Speaking after a meeting in Glasgow, Ms Macer said: “This in no way pre-determines the views our members may take in the event of an independence referendum, but they should have the opportunity to express their views.
“Unison Scotland will take this decision into the wider trade union movement and, together with the Jimmy Reid Foundation, we will promote the debate at the forthcoming STUC congress in April 2020.
“Unison Scotland defends public services and those who deliver them and it is imperative that we explore the full range of options available to the people of Scotland.”
The motion put to members stated that Unison “supports the call for a second referendum, at a time to be determined by the Scottish Parliament, by means of either a section 30 order or an amendment to the Scotland Act as a satisfactory means of transferring the power over independence referendums.”
On Wednesday MSPs voted in favour of a motion calling for a second referendum.
SNP depute leader Keith Brown said there is now “unstoppable momentum” behind a fresh vote.
He said: “Unison, Scotland’s biggest trade union, is the latest respected body to support a transfer of powers so the Scottish Parliament can hold a fresh referendum at a time of its choosing.
“The democratic right of the people of Scotland to determine our own future cannot be ignored by Westminster.
“And the Constitutional Convention announced by the First Minister on Friday will provide an opportunity for organisations such as Scotland’s trade unions to come together with elected politicians around that democratic right.”

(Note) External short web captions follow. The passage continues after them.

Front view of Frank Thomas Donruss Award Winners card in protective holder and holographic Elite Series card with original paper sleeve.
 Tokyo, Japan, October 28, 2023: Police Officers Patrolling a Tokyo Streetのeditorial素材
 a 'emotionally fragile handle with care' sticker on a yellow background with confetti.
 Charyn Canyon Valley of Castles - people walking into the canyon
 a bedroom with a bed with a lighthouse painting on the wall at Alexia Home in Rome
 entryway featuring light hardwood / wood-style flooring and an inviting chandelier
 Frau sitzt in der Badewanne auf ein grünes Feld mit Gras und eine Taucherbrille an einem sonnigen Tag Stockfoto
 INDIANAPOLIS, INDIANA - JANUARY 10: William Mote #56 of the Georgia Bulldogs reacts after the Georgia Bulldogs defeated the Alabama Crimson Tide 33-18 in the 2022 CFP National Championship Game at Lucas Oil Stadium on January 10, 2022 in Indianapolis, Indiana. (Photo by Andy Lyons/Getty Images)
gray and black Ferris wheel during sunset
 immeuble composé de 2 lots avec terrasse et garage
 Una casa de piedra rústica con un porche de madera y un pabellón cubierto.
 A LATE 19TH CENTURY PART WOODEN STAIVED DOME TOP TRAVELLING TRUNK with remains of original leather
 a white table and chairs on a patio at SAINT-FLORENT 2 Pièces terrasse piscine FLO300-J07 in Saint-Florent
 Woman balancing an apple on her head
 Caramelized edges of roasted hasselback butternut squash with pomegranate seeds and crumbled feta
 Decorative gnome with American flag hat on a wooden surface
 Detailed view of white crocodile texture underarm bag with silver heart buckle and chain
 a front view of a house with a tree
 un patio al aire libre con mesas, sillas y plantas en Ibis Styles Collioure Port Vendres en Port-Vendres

The Scottish Greens described Unison’s endorsement as a “totemic moment” for the independence movement.
Co-leader Patrick Harvie MSP said: “Unison, Scotland’s largest trade union, represents members of different party political persuasions, but its decision today to back an independence referendum, at a time to be determined by the Scottish Parliament, recognises the democratic deficit that we currently face.
“This can only be resolved by putting the question of Scotland’s future back to the people.”